(Exercise data begins)
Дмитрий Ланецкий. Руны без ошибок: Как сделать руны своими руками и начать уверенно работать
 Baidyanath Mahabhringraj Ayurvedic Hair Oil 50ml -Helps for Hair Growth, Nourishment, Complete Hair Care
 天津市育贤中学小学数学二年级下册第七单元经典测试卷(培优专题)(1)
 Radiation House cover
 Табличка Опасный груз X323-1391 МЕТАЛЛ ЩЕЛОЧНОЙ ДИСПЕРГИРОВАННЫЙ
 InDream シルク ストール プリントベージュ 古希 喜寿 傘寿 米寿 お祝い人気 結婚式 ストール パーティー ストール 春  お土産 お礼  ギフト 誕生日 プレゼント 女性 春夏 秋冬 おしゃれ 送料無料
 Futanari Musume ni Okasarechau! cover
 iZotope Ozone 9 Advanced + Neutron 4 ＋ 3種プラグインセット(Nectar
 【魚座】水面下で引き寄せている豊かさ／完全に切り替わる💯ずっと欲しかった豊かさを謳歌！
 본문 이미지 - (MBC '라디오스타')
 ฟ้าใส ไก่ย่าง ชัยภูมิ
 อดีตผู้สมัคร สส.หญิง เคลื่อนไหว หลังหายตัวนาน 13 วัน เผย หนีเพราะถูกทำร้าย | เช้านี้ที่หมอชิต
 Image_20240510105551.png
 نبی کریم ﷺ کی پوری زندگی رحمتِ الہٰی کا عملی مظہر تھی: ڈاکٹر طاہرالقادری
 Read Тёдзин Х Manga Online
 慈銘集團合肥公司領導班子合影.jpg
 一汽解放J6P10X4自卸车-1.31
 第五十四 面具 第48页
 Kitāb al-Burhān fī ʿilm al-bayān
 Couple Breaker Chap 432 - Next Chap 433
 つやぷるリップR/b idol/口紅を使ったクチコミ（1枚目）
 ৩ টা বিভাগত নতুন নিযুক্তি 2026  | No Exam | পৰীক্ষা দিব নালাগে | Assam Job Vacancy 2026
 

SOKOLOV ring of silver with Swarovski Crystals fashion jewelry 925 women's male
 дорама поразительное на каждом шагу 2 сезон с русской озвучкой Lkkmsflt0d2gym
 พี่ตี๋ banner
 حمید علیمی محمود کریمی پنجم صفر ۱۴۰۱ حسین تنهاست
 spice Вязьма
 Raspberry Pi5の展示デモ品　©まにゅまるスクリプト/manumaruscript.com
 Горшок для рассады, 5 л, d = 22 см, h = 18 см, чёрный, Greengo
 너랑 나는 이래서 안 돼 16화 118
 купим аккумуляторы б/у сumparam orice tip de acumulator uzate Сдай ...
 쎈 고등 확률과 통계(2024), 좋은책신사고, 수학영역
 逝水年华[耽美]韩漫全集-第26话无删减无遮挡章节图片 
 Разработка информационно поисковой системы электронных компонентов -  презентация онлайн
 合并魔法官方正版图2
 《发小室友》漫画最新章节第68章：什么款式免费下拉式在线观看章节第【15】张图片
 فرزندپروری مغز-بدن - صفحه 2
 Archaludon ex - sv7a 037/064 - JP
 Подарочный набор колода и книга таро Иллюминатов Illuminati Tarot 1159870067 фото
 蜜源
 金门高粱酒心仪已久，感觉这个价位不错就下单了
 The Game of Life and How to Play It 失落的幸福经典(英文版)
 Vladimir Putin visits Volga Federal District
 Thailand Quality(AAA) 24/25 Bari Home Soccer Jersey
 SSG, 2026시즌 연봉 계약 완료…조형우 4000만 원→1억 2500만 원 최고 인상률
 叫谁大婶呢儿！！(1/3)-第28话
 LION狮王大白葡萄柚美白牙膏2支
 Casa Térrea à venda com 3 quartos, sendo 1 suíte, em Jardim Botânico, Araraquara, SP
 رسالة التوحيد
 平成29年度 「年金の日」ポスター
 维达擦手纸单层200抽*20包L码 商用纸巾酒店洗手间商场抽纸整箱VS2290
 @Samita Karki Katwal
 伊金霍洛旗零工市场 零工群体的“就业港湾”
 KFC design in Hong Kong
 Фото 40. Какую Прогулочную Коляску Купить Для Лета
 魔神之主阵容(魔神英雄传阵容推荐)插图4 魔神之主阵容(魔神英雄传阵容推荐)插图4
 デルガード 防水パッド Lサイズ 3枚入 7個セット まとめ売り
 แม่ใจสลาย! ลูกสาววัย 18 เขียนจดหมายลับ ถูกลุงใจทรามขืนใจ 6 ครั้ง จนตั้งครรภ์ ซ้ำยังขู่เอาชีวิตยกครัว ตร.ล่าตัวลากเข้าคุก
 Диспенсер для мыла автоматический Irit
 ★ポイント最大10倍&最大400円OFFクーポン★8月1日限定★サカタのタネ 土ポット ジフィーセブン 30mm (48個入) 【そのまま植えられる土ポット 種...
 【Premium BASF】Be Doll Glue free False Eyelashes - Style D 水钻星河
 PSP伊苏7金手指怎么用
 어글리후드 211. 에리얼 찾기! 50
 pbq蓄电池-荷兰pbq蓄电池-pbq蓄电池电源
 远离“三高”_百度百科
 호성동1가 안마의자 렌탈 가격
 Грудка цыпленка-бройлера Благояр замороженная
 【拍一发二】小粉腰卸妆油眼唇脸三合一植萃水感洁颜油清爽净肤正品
(Exercise data ends)
### Work request
Restate word for word the entries above, starting at the line with "Vladimir Putin visits Volga Federal District" and ending at the line with "デルガード 防水パッド Lサイズ 3枚入 7個セット まとめ売り", inclusive, and no others.

### Worked solution
 Vladimir Putin visits Volga Federal District
 Thailand Quality(AAA) 24/25 Bari Home Soccer Jersey
 SSG, 2026시즌 연봉 계약 완료…조형우 4000만 원→1억 2500만 원 최고 인상률
 叫谁大婶呢儿！！(1/3)-第28话
 LION狮王大白葡萄柚美白牙膏2支
 Casa Térrea à venda com 3 quartos, sendo 1 suíte, em Jardim Botânico, Araraquara, SP
 رسالة التوحيد
 平成29年度 「年金の日」ポスター
 维达擦手纸单层200抽*20包L码 商用纸巾酒店洗手间商场抽纸整箱VS2290
 @Samita Karki Katwal
 伊金霍洛旗零工市场 零工群体的“就业港湾”
 KFC design in Hong Kong
 Фото 40. Какую Прогулочную Коляску Купить Для Лета
 魔神之主阵容(魔神英雄传阵容推荐)插图4 魔神之主阵容(魔神英雄传阵容推荐)插图4
 デルガード 防水パッド Lサイズ 3枚入 7個セット まとめ売り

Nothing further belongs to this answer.